13.10.0 pjsip deadlock

This message appeared today in logs:
taskprocessor.c: The ‘pjsip/distributor-00000167’ task processor queue reached 500 scheduled tasks.

All peers started to disconnect and pjsip became unresponsive.

Any chance to debug it?

What sort of setup are you using, are you connected to realtime? As well we have a wiki page[1] which talks about what that actually means and when it happens you can grab a backtrace[2] which may provide further detail on what is taking so long.

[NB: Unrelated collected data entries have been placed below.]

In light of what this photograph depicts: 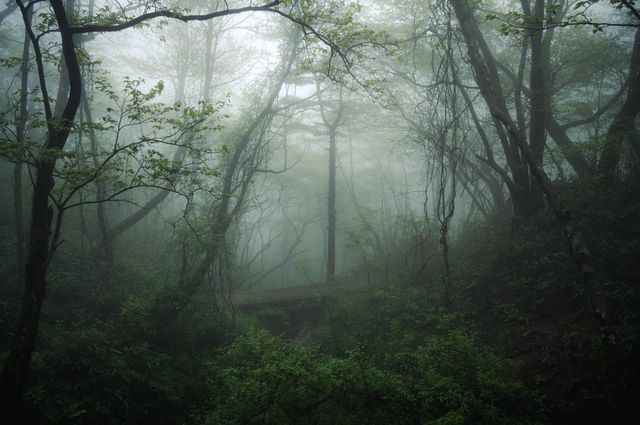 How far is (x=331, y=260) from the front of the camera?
16672mm

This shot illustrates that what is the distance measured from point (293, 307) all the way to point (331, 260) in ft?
13.0

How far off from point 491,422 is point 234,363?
A: 438cm

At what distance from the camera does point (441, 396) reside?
4.48 meters

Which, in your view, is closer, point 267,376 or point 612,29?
point 267,376

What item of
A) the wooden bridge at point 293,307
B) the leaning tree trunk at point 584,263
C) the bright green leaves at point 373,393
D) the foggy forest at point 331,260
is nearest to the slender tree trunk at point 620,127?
the foggy forest at point 331,260

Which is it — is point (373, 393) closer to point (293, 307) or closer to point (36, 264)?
point (36, 264)

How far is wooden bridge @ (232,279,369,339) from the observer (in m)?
12.3

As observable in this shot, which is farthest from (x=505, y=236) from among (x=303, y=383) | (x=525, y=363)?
(x=303, y=383)

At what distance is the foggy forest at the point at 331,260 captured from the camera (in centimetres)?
480

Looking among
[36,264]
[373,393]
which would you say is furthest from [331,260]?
[36,264]

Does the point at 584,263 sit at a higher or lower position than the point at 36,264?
lower

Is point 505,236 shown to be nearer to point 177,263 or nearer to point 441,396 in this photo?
point 441,396

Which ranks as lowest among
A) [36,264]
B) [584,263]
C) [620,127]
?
[584,263]

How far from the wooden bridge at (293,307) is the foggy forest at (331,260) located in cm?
9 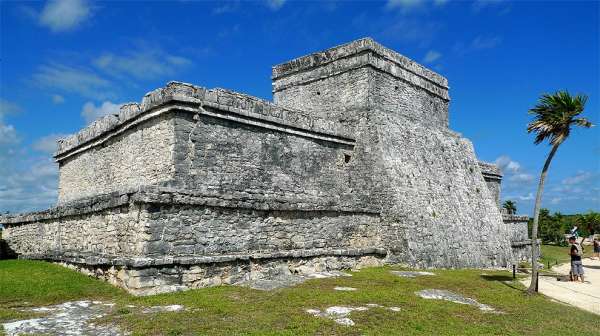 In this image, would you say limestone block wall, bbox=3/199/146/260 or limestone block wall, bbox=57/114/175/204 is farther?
limestone block wall, bbox=57/114/175/204

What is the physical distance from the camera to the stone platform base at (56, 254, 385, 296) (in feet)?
29.7

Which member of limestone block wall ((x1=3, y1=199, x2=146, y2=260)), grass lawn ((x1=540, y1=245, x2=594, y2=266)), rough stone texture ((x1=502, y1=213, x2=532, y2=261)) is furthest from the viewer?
grass lawn ((x1=540, y1=245, x2=594, y2=266))

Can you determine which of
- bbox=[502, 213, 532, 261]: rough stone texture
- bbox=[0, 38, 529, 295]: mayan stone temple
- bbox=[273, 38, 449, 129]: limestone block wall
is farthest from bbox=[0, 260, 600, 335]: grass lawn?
bbox=[502, 213, 532, 261]: rough stone texture

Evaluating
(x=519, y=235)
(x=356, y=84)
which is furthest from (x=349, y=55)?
(x=519, y=235)

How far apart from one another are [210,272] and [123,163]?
14.7ft

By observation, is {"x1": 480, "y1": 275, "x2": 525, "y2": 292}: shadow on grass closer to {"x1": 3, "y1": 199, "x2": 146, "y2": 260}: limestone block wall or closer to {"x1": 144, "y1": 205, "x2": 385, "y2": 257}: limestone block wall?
{"x1": 144, "y1": 205, "x2": 385, "y2": 257}: limestone block wall

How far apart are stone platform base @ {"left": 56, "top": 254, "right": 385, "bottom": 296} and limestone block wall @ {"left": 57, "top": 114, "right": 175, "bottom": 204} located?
7.42 ft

[1] http://blogs.asterisk.org/2016/07/13/asterisk-task-processor-queue-size-warnings/
[2] https://wiki.asterisk.org/wiki/display/AST/Getting+a+Backtrace#GettingaBacktrace-GettingInformationForADeadlock

I did not personally set up “realtime”, maybe it is turned on by default.

I use freepbx distro, updated from asterisk 13.5.0.
I dont use any queues in my configuration. Just trunks and extensions.

Before problem appears again I’ll try to get this information.

We have been having this issue for about 3 weeks now. It has been tough to track down. No real errors, just this warning seems associated. Asterisk stops responding to all PJSIP registrations. It still however seems to register to our trunks.

We are on Asterisk 13.10 with the FreePBX distro. Very recent install. Happens randomly typically once a day.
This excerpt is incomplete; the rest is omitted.